- [Data supplied]
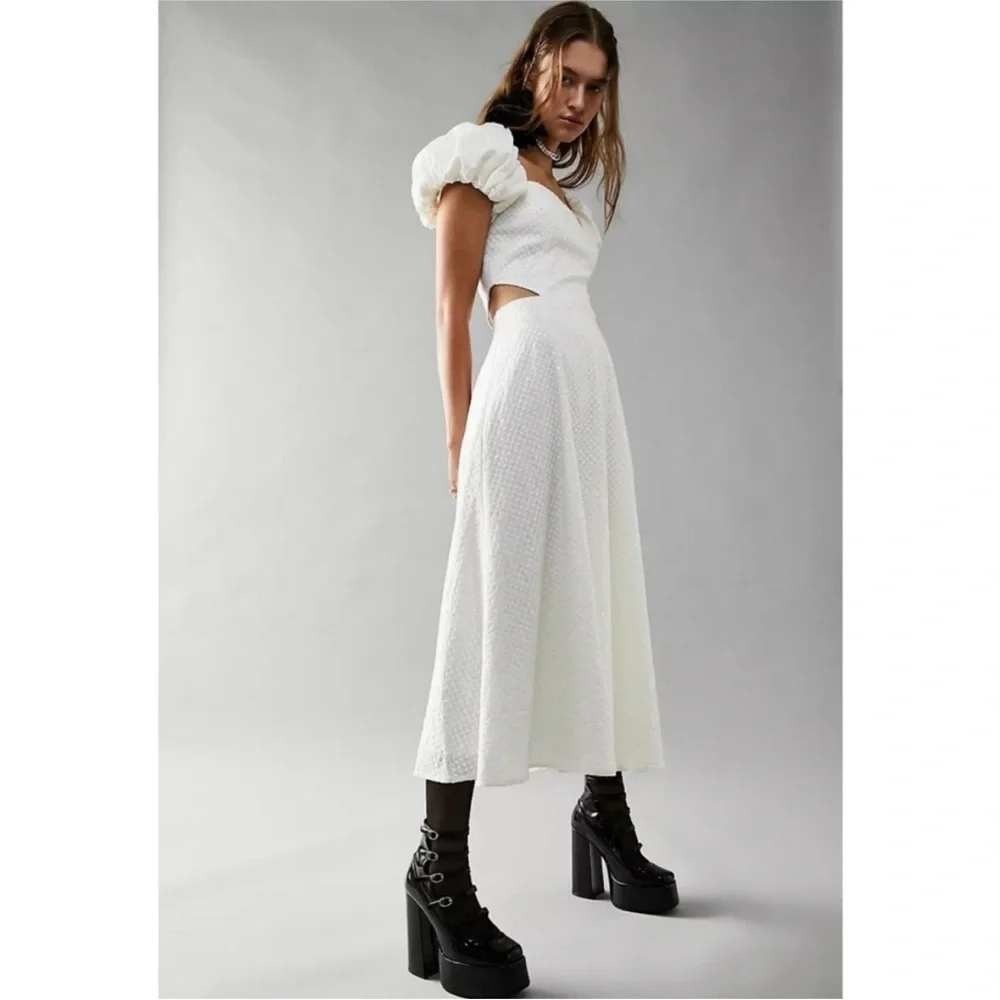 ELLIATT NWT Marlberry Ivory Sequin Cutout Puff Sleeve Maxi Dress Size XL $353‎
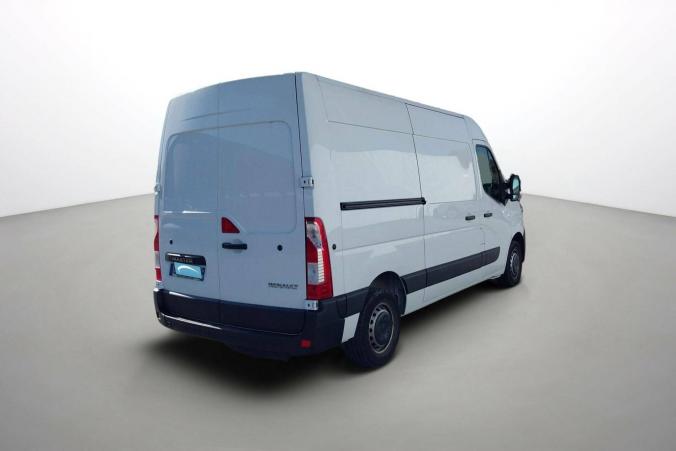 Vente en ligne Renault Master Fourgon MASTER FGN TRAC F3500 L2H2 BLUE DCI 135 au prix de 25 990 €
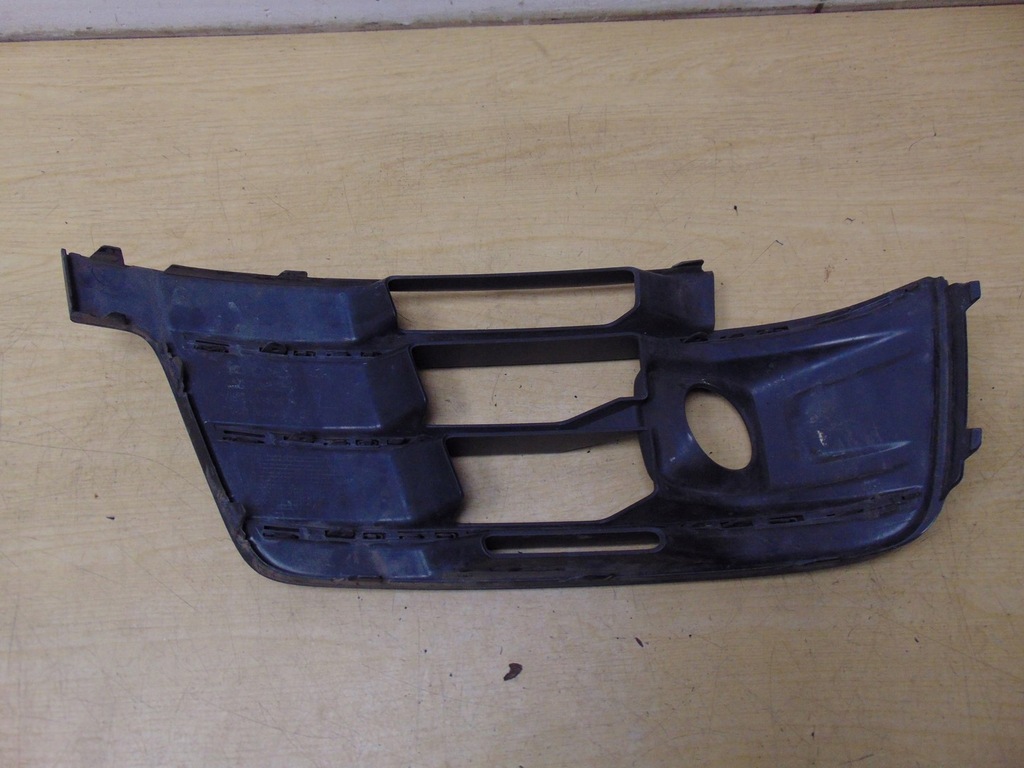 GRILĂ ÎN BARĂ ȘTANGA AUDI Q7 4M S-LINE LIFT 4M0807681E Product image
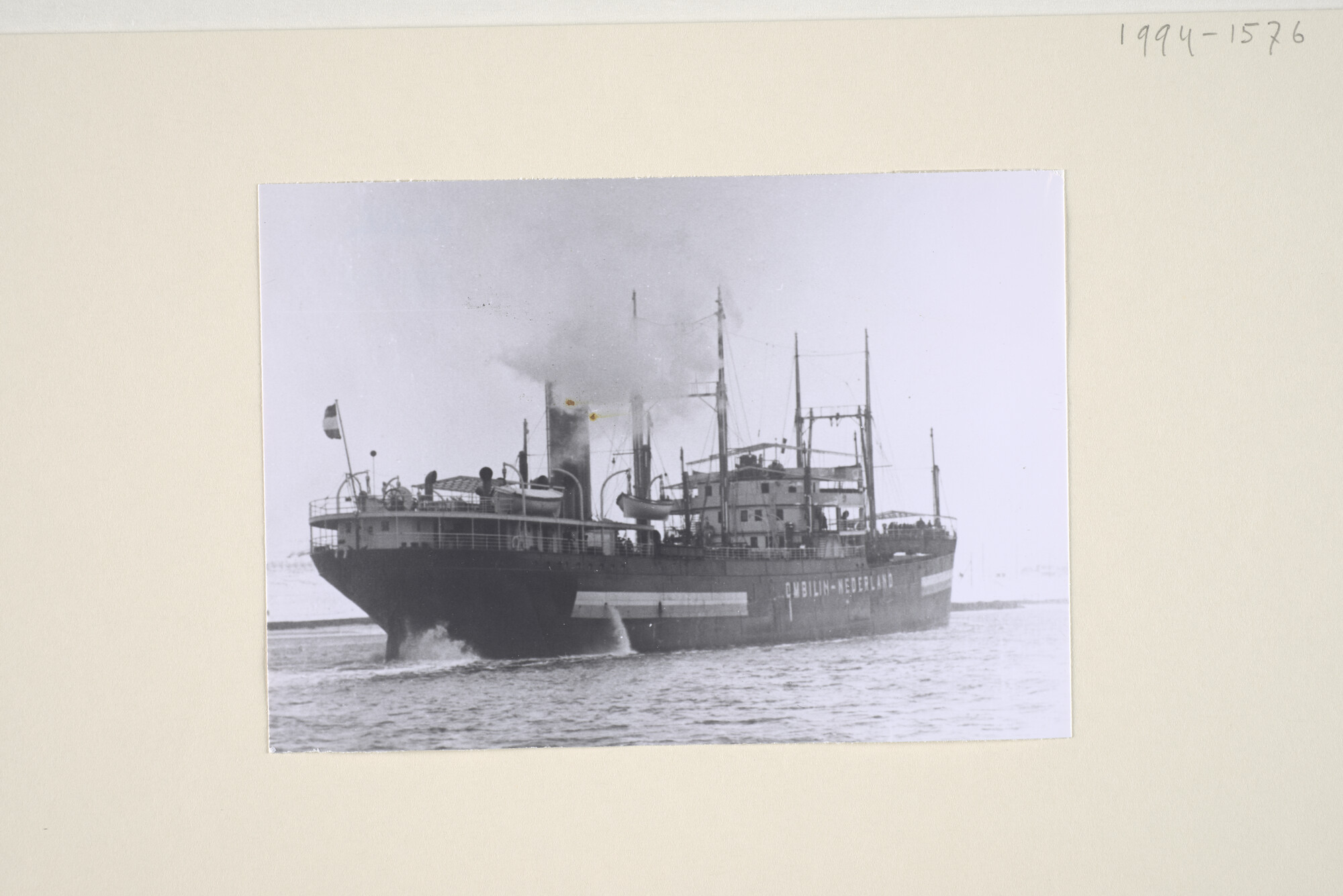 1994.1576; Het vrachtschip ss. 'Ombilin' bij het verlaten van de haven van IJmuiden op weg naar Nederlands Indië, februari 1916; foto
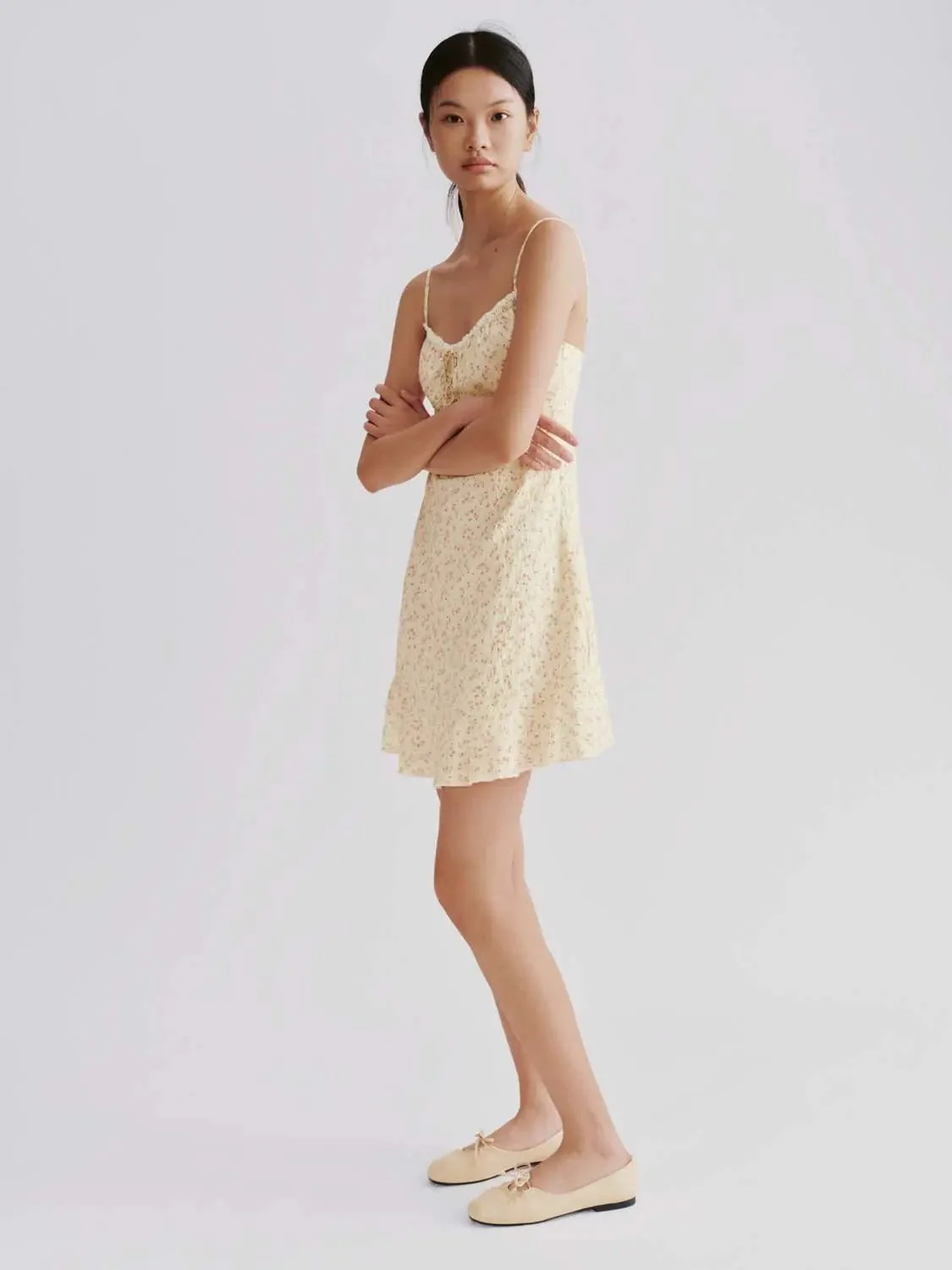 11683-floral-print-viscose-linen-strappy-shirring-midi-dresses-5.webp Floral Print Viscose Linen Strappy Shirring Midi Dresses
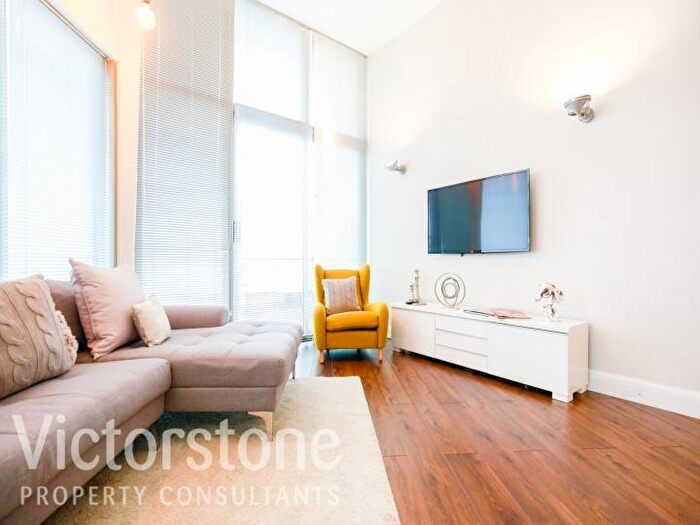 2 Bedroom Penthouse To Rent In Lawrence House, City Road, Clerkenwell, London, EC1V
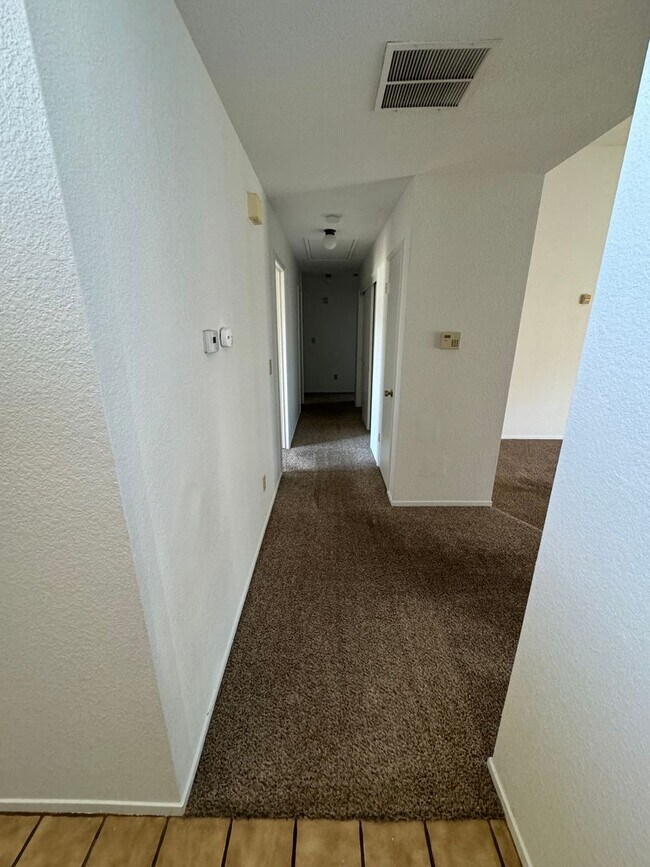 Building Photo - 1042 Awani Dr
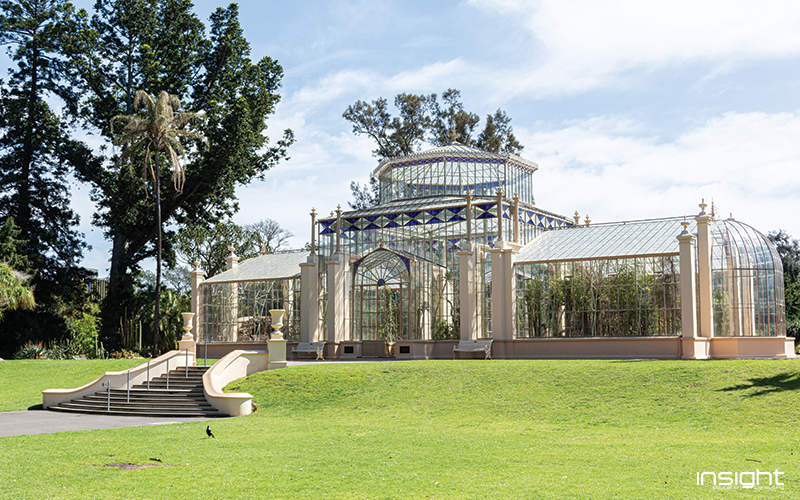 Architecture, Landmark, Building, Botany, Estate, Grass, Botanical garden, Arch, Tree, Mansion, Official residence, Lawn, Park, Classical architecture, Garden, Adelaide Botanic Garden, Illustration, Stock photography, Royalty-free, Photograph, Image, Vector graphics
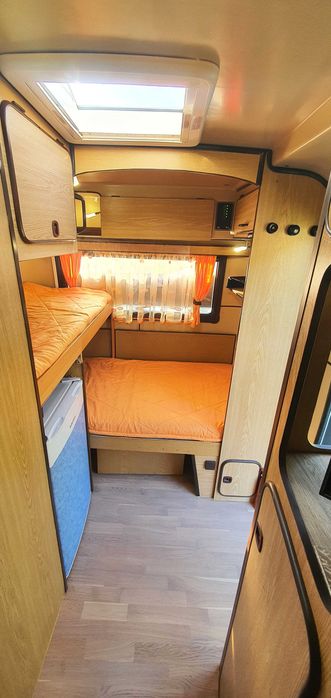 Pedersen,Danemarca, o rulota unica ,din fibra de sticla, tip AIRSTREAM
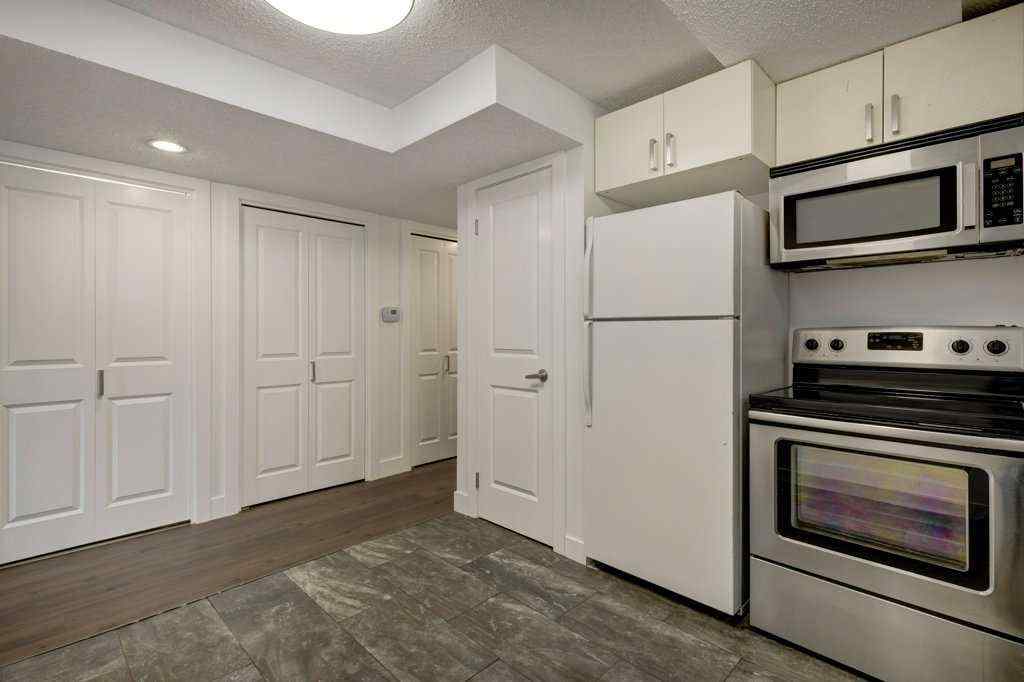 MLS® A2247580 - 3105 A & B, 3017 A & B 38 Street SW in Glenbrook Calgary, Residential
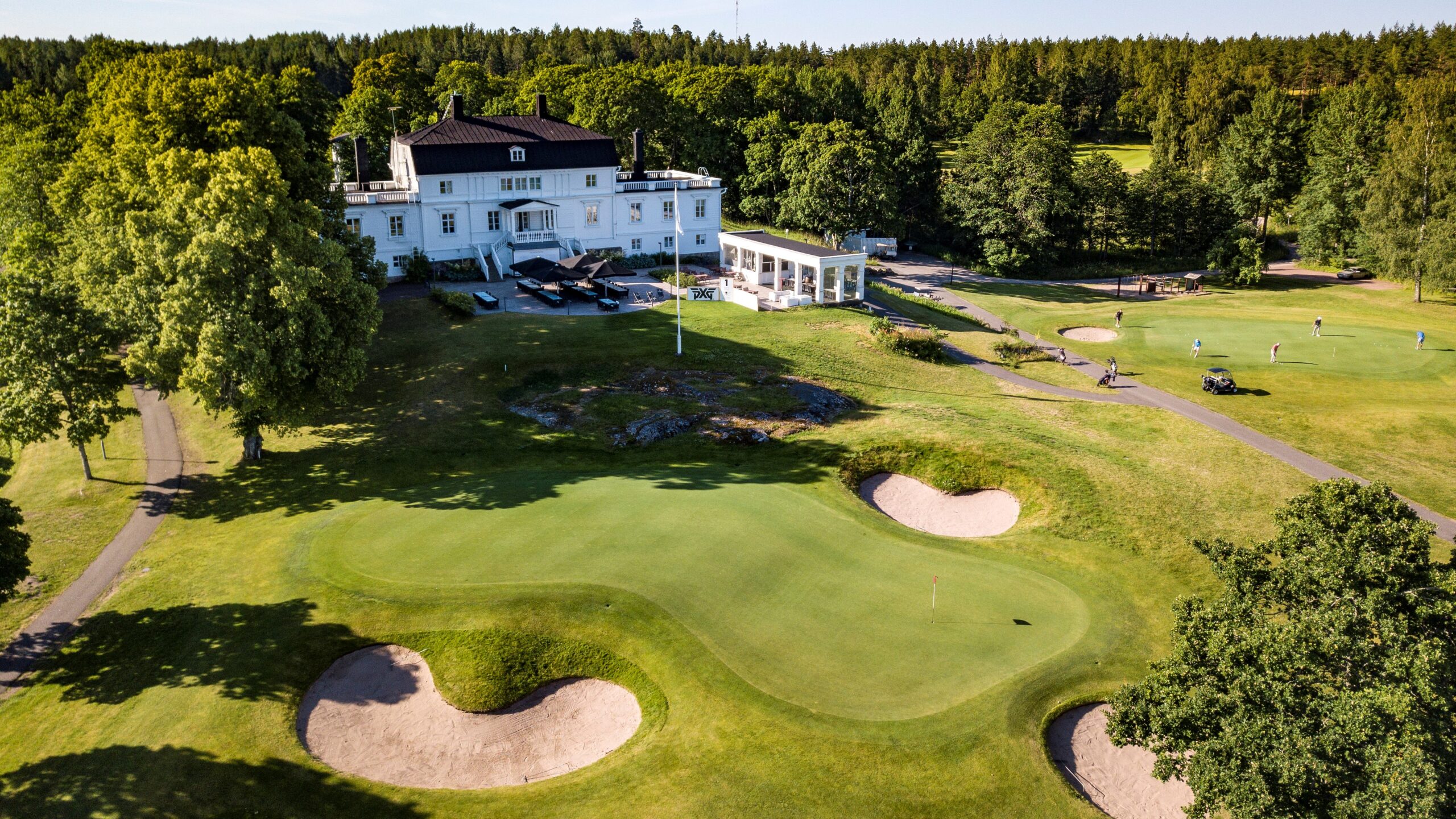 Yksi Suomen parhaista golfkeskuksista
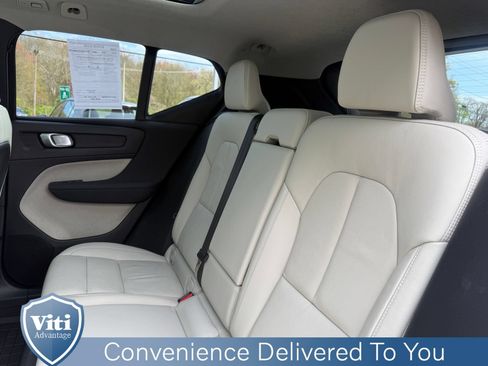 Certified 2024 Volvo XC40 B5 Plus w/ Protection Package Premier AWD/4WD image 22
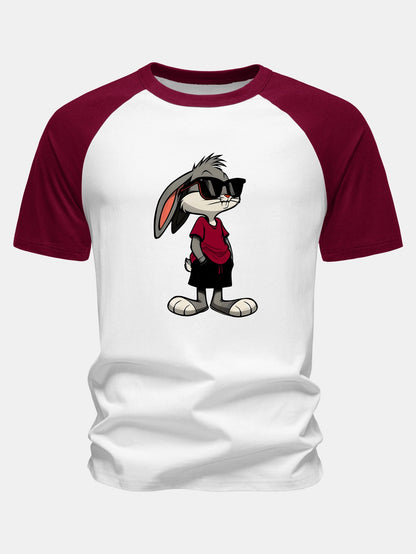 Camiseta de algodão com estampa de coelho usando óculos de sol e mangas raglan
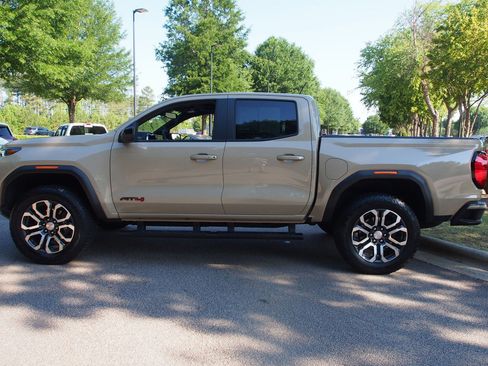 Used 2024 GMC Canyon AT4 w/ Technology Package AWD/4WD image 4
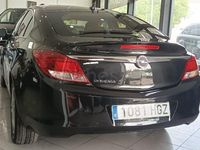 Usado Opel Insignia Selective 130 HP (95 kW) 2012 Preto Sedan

- [What the exercise asks] Omit pictures; set down the rest of the material word for word.

- [Result]
 ELLIATT NWT Marlberry Ivory Sequin Cutout Puff Sleeve Maxi Dress Size XL $353‎
 Vente en ligne Renault Master Fourgon MASTER FGN TRAC F3500 L2H2 BLUE DCI 135 au prix de 25 990 €
 GRILĂ ÎN BARĂ ȘTANGA AUDI Q7 4M S-LINE LIFT 4M0807681E Product image
 1994.1576; Het vrachtschip ss. 'Ombilin' bij het verlaten van de haven van IJmuiden op weg naar Nederlands Indië, februari 1916; foto
 11683-floral-print-viscose-linen-strappy-shirring-midi-dresses-5.webp Floral Print Viscose Linen Strappy Shirring Midi Dresses
 2 Bedroom Penthouse To Rent In Lawrence House, City Road, Clerkenwell, London, EC1V
 Building Photo - 1042 Awani Dr
 Architecture, Landmark, Building, Botany, Estate, Grass, Botanical garden, Arch, Tree, Mansion, Official residence, Lawn, Park, Classical architecture, Garden, Adelaide Botanic Garden, Illustration, Stock photography, Royalty-free, Photograph, Image, Vector graphics
 Pedersen,Danemarca, o rulota unica ,din fibra de sticla, tip AIRSTREAM
 MLS® A2247580 - 3105 A & B, 3017 A & B 38 Street SW in Glenbrook Calgary, Residential
 Yksi Suomen parhaista golfkeskuksista
 Certified 2024 Volvo XC40 B5 Plus w/ Protection Package Premier AWD/4WD image 22
 Camiseta de algodão com estampa de coelho usando óculos de sol e mangas raglan
 Used 2024 GMC Canyon AT4 w/ Technology Package AWD/4WD image 4
 Usado Opel Insignia Selective 130 HP (95 kW) 2012 Preto Sedan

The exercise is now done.